日本の再エネEPC市場の現状
日本の再エネ発電比率は2023年度に22.9%に到達し、FIT/FIP制度による累計導入容量は約9,000万kWに達しました。政府は2040年度に再エネ比率4〜5割を目標としており、EPC需要は今後も拡大が見込まれます。
電源別の動向
| 電源 | 累計導入量 | 成長率(2023年度) | 今後の見通し |
|---|---|---|---|
| 太陽光 | 約7,000万kW | +9.0% | 自家消費型・PPA案件が増加 |
| 風力(陸上) | 約500万kW | +12.6% | 大型化が進行 |
| 洋上風力 | 開発段階 | — | 再エネ海域利用法で案件形成中 |
| バイオマス | 約700万kW | +5.2% | 燃料調達が課題 |
EPC事業者選定のポイント
- 施工実績
- 同規模・同電源の施工実績件数とMW数を確認。
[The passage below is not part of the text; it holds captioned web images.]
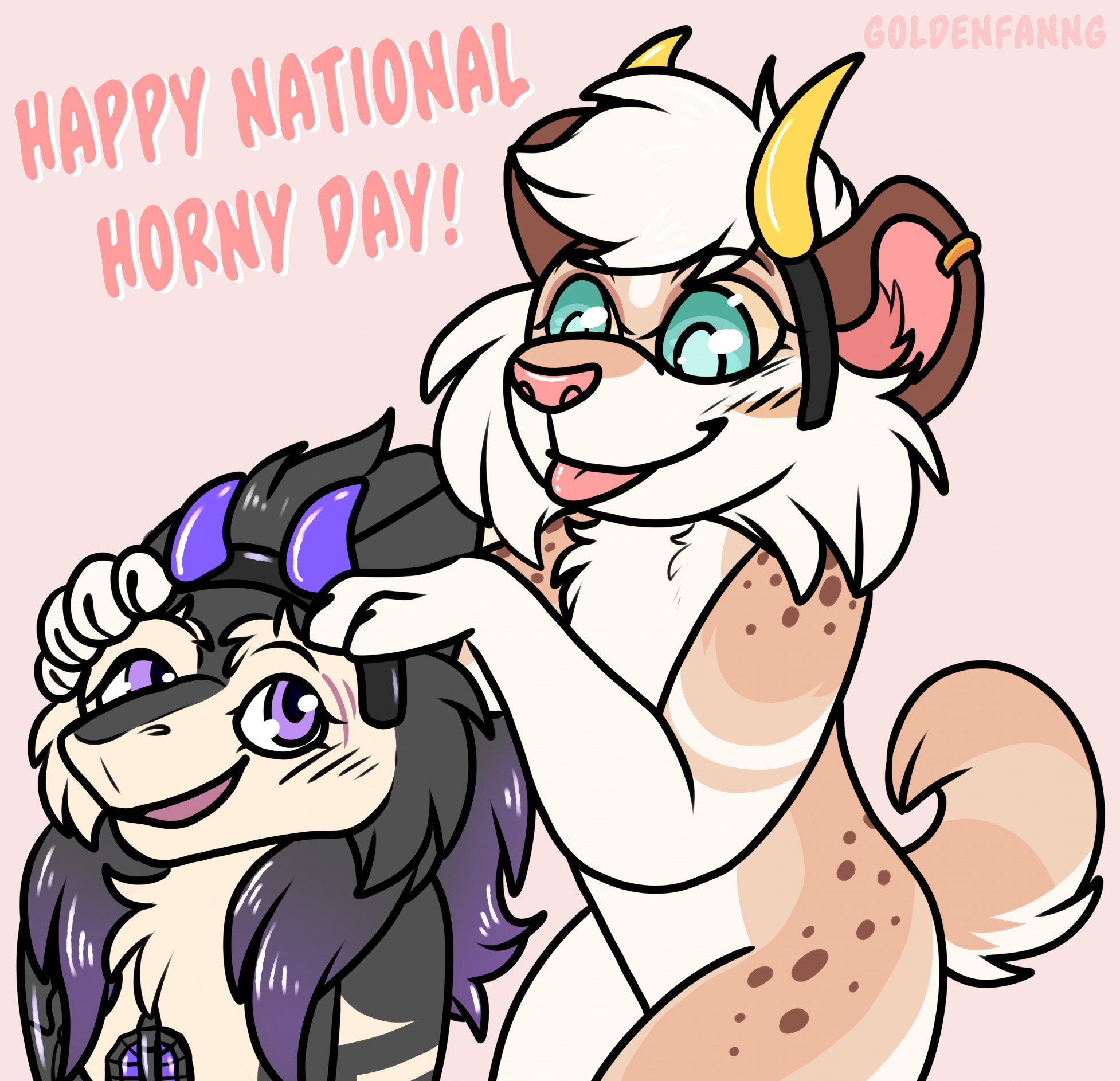 Happy national horny day! by VaporStrike -- Fur Affinity [dot] net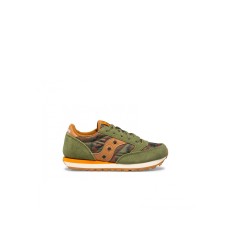 Saucony jazz original sneakers verde unisex da bimbo 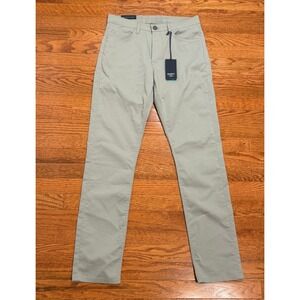 New Faherty Reserve‎ Movement 5-Pocket Pants Mens 28x32 Sage Green Stretch Chino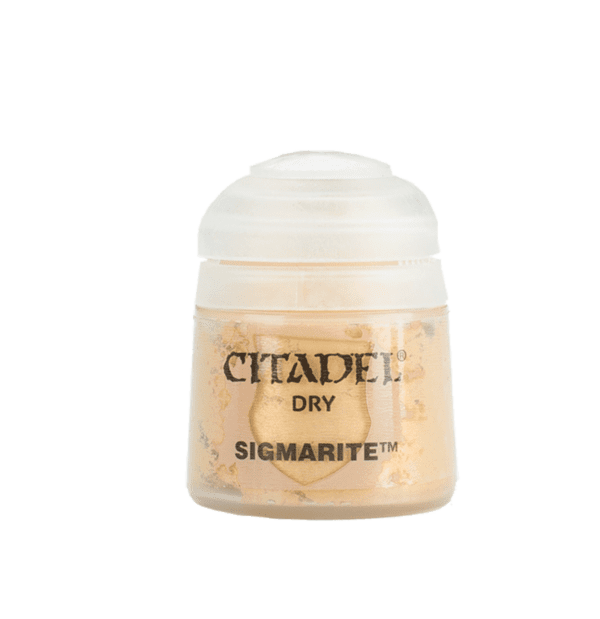 image of Citadel Dry Paint: Sigmarite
自家消費型とFIT売電型では求められる技術が異なる
- 設計力
- 系統連系協議、環境アセスメント対応、土木設計の一貫対応力
- O&M体制
- EPC後の運用保守を同一事業者に委託できるか。長期パフォーマンス保証の有無
- 財務健全性
- 大型プロジェクトでは工事期間中のキャッシュフローリスクを負えるか
自家消費型への転換
FIT買取価格の低下に伴い、自家消費型太陽光発電(PPA含む)が主流化しています。自家消費型は負荷追従制御や逆潮流防止など、売電型にはない技術要件があるため、対応実績のあるEPC事業者の選定が重要です。